マンションのエントランスホールからスウェット姿の辰次郎さんが慌てて出て来た。


「おい!何してるその手を離せ!!」


と辰次郎さんは凄みのある声で言うと稔の手を払い除けてくれた。


「あんた誰だよ関係ないだろ?」


稔が再び私の腕を掴もうとしたので辰次郎さんは私を抱き寄せ稔から離してくれた。

そして辰次郎さんは…

「彼女は今は俺の女なんだよ!一度捨てた女に慰めて貰おうなんて男として情けなくないか?とっととうせろ!二度と美貴野に近づくな!」と稔を睨みつける。
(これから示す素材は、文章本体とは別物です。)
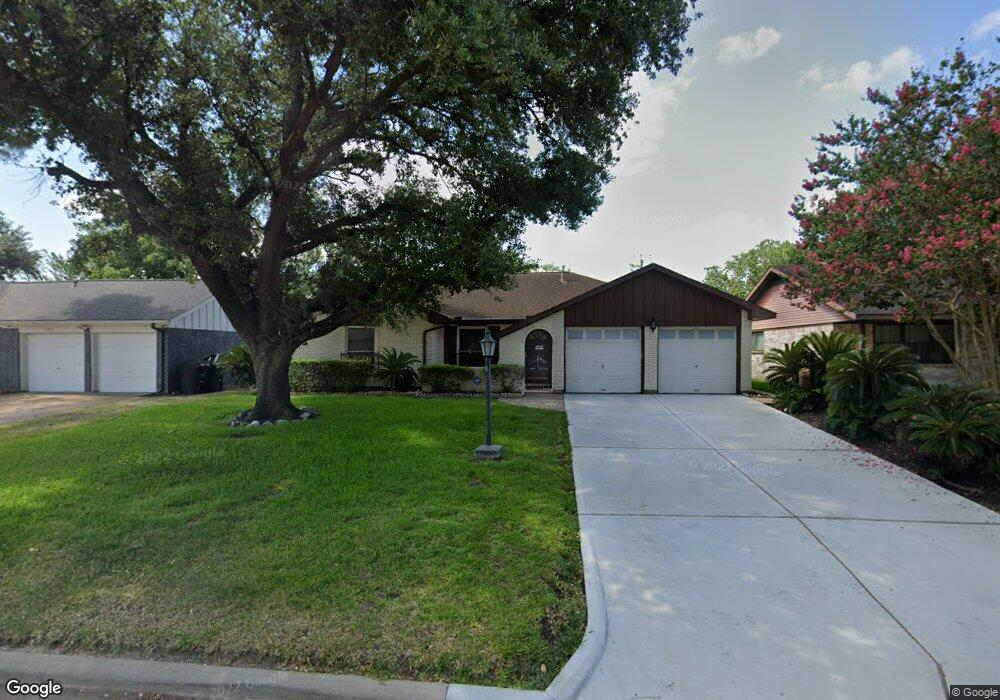 11006 Overlea Dr, Houston, TX 77089 - photo 1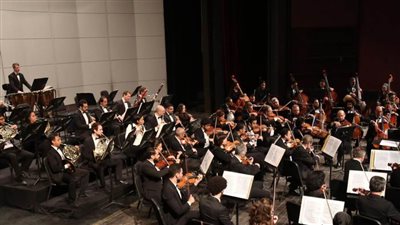 «السيمفوني» يعزف كلاسيكيات موسيقية مصرية وعالمية بدار الأوبرا 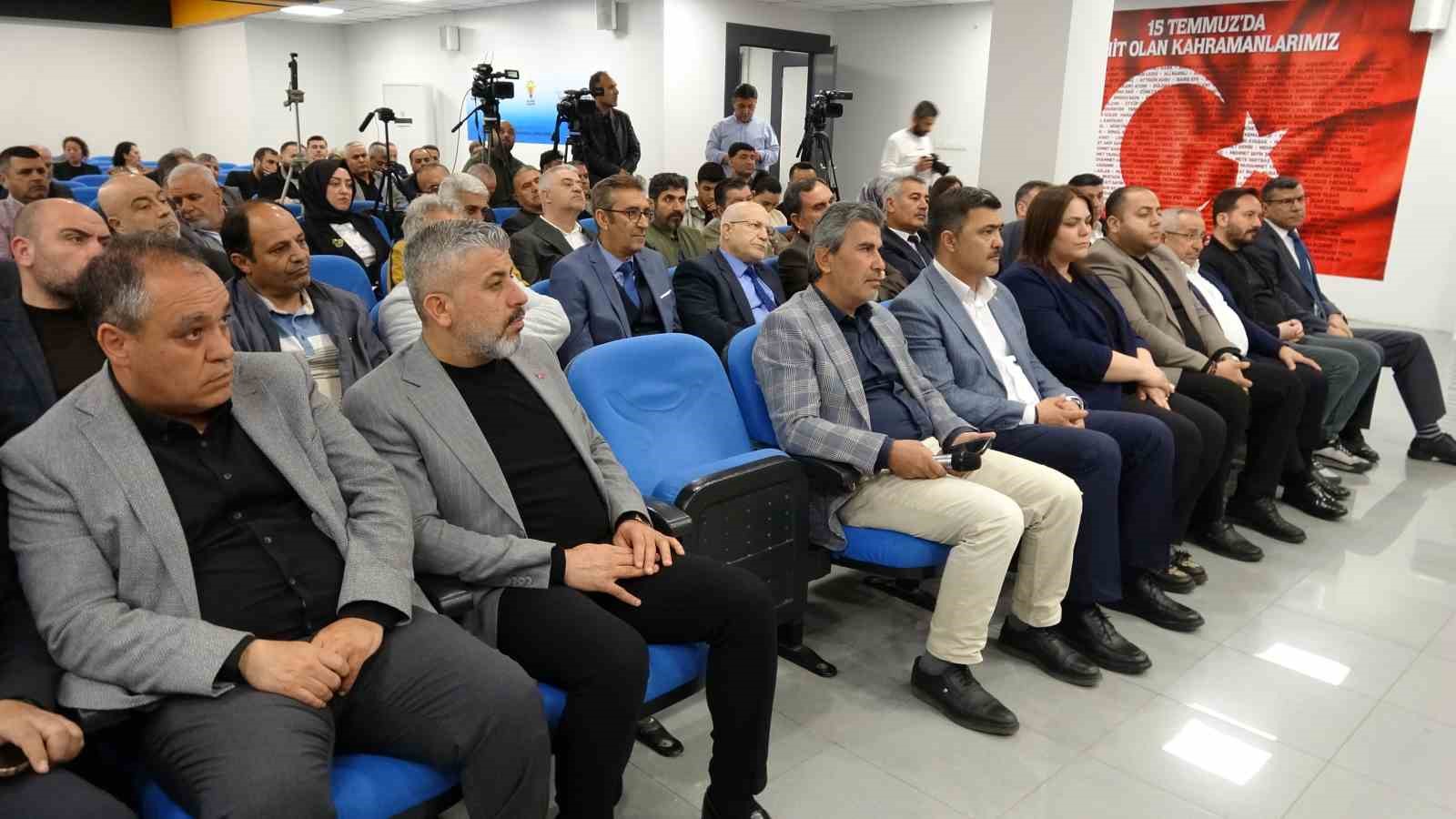 ak partiden chpye mehter tepkisi 2 ncYeJkWU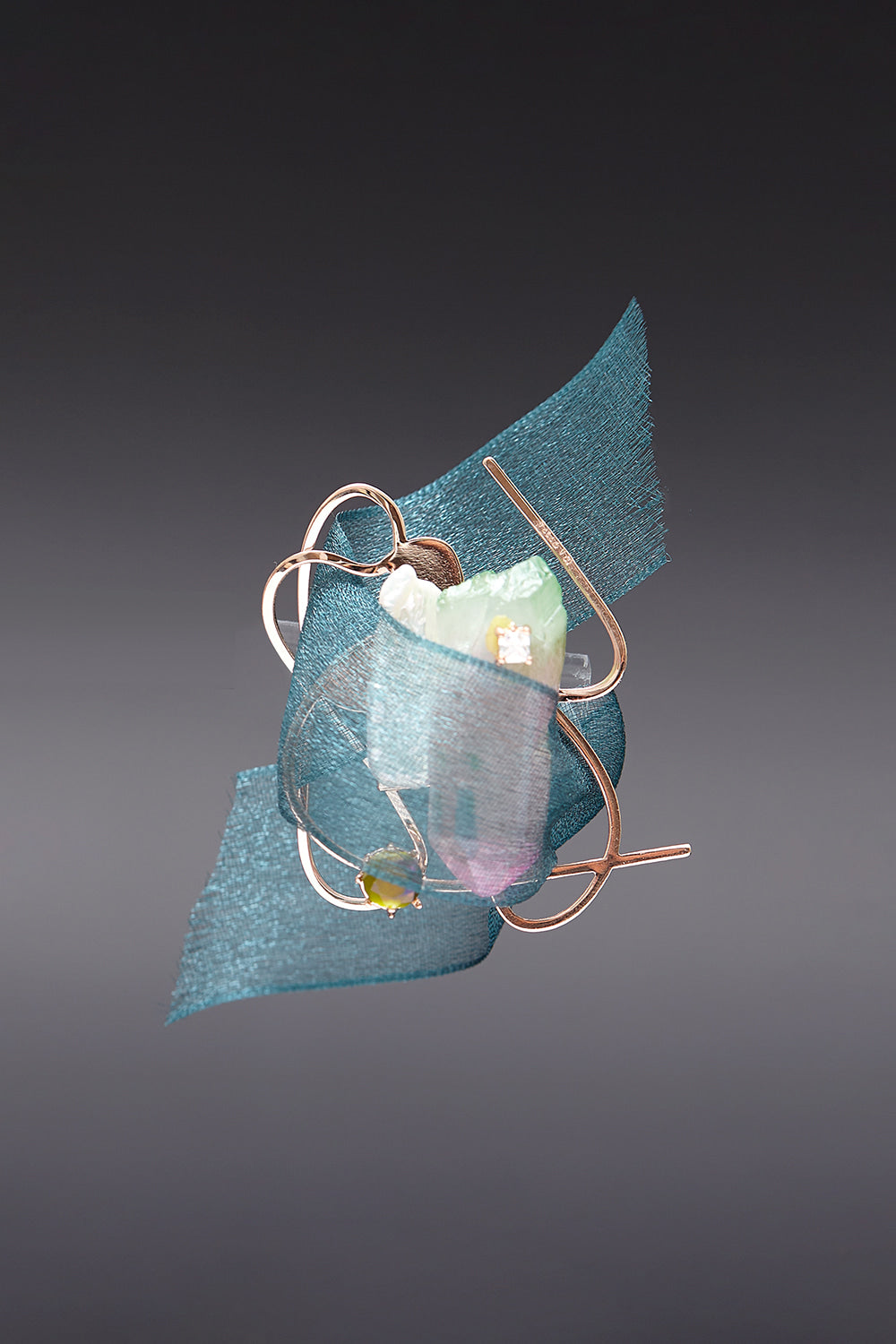 Dancing objet No.9 brooch rosegold - fasfas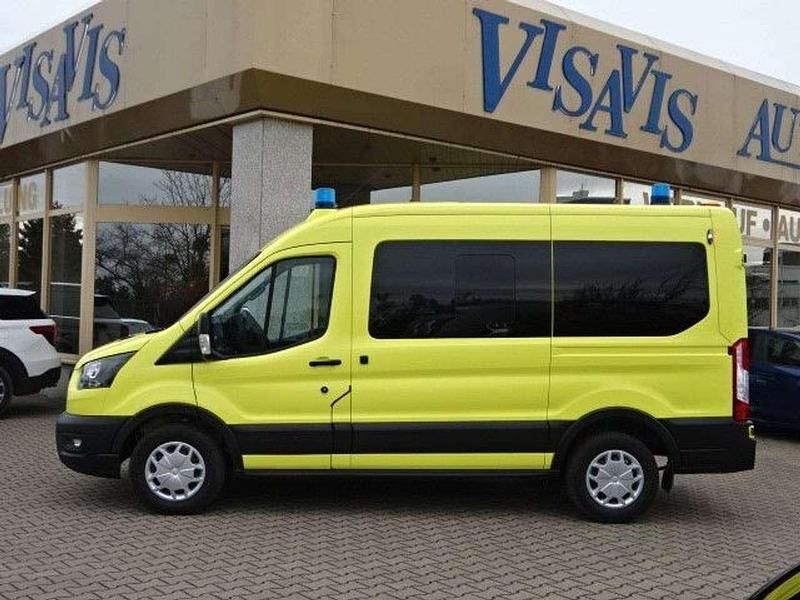 Gebraucht Ford Transit Trend 131 PS (96 kW) 2024 Schwefelgelb (ral 1016) Van / Kleinbus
「冗談だろ?美貴野があんたのような親父を相手にするわけ無いだろ!」


そして稔は…


「美貴野…冗談だろ?……こんな親父の何処が良いんだよ?!」


稔は顔を歪めて聞く。


「今の稔よりずっと素敵だよ!」


勿論、辰次郎さんと付き合ってなど居ない。

でも、今は辰次郎さんの嘘に助けてもらう事にした。


「チッ!そぅかよ?!…」


稔は言うと持っていた袋を道端に投げ捨て暗闇の中に消えていった。

辰次郎さんは「ゴミを捨てるんじゃねぇよ」と小さな声で言い拾い上げた。